So when you are at least five years old you learn one of worlds most loaded question ever spoken, Why? It was always, why, reason was because we are filled with wonderment and sincerely wanted to know why. This is why I think I took everything apart in my house at one point. Funny thing I never really figured out why some things worked just got yelled at a lot.
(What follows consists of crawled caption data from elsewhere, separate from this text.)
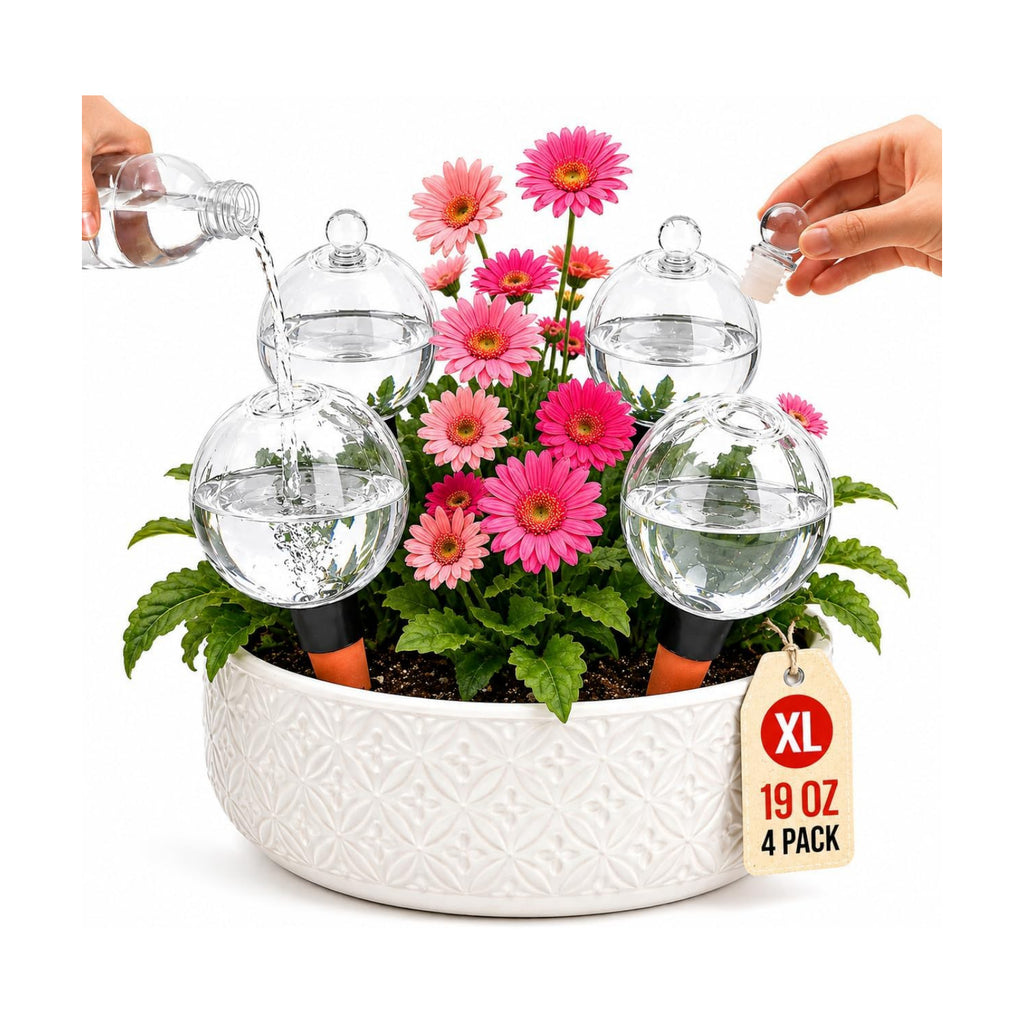 19 oz Large Self Watering Globes for Plants, Top Fill, 4 Pack | Clear 19 oz reservoir with porous terracotta spike for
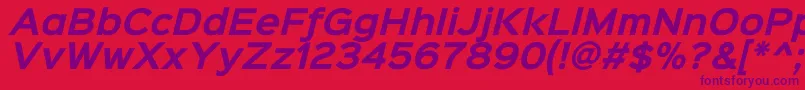 Sinkinsans700bolditalic Font – Purple Fonts on Red Background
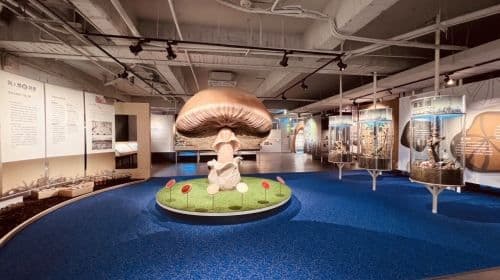 Wufeng Mushroom Museum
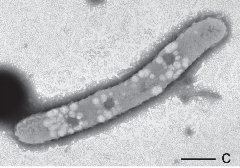 Frx1 strain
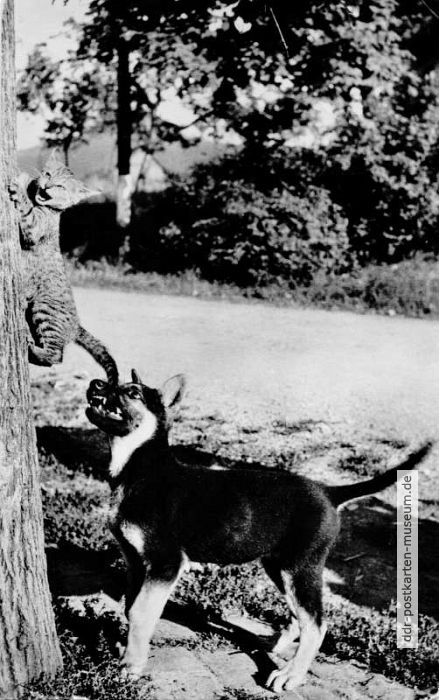 Schäferhund hat Mietzekatze zum Fressen gern - 1960
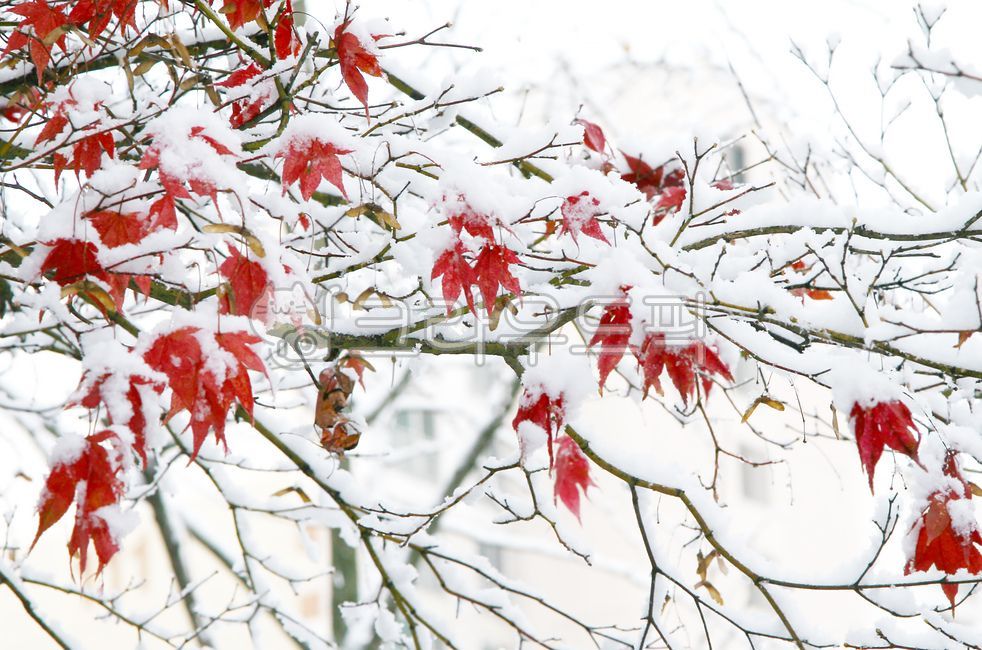 겨울,설경,화이트,단풍,겨울단풍,잎,식물,겨울,계절,winter,season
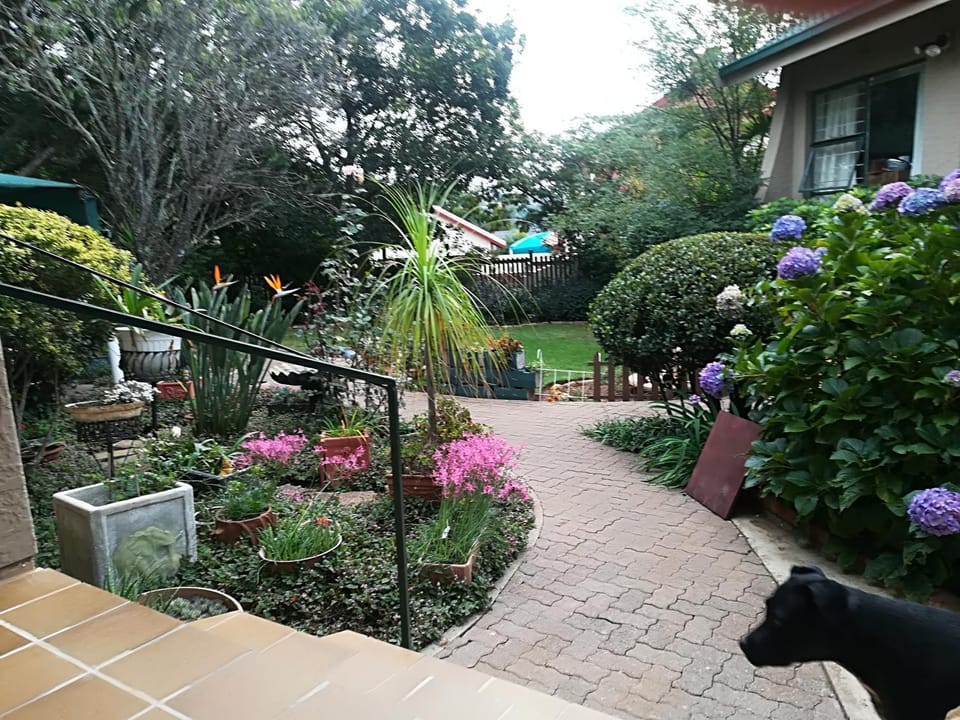 Garden, Garden view, Garden view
So why am I bringing this up you ask....
Today I was in the Business Technologies office at school waiting for one of the Chefs to show up so we could have a meeting about next term and classes. I was wearing my chef uniform from head to toe and I was a little dirty considering I just came from my 7:30am Cooking 2 Lab class. To be honest I was a little tired. I wasn't alone though, there was a nice younger girl sitting directly across from me, looking like she was waiting to meet with someone also. All was quiet when she asked me bluntly, "Why did you choose to do Culinary? And is it hard?" Wow, I am sorry I thought I was on some hidden camera show or something? I also thought this was carefully staged question by one of my chef instructors to see if I could articulate the correct answer. Upon review, I just realized by my posture and the unmistaken look of sleep deprivation that this was real. My first reaction was to just laugh nervously and to choose my words wisely. I told her that is a loaded question, one that could take all afternoon to answer.
I told her that I chose Culinary Arts because from a young age I have been fascinated by the thought of food. The thought of taking innocent ingredients and putting them together and make some amazing is awesome. I also told her that it shouldn't be fun, with the long hours, the yelling, the stress, and the sweaty mess I seem to become everyday at work. However, for some reason it is fun, but fun in a way that borderlines on insanity. When you look at it from the out sided it seems the direct opposite of fun, it looks like hard work. It is hard work but gratifying and its a high that can't be found in a the bottom of a bottle or in pill. I think she was satisfied with the answer. Then I asked her if she was thinking about Culinary and she replied, "No, I am in nursing." I got up as I was leaving for my meeting and I said, "Next time I would love to ask you the same question."
As I headed home and got out on my bicycle to knock down some miles I kept thinking about that question. The funny thing is that the question of why never filled me with doubt like it would normally in past life endeavors.
Life isn't a question of why, but more like why not?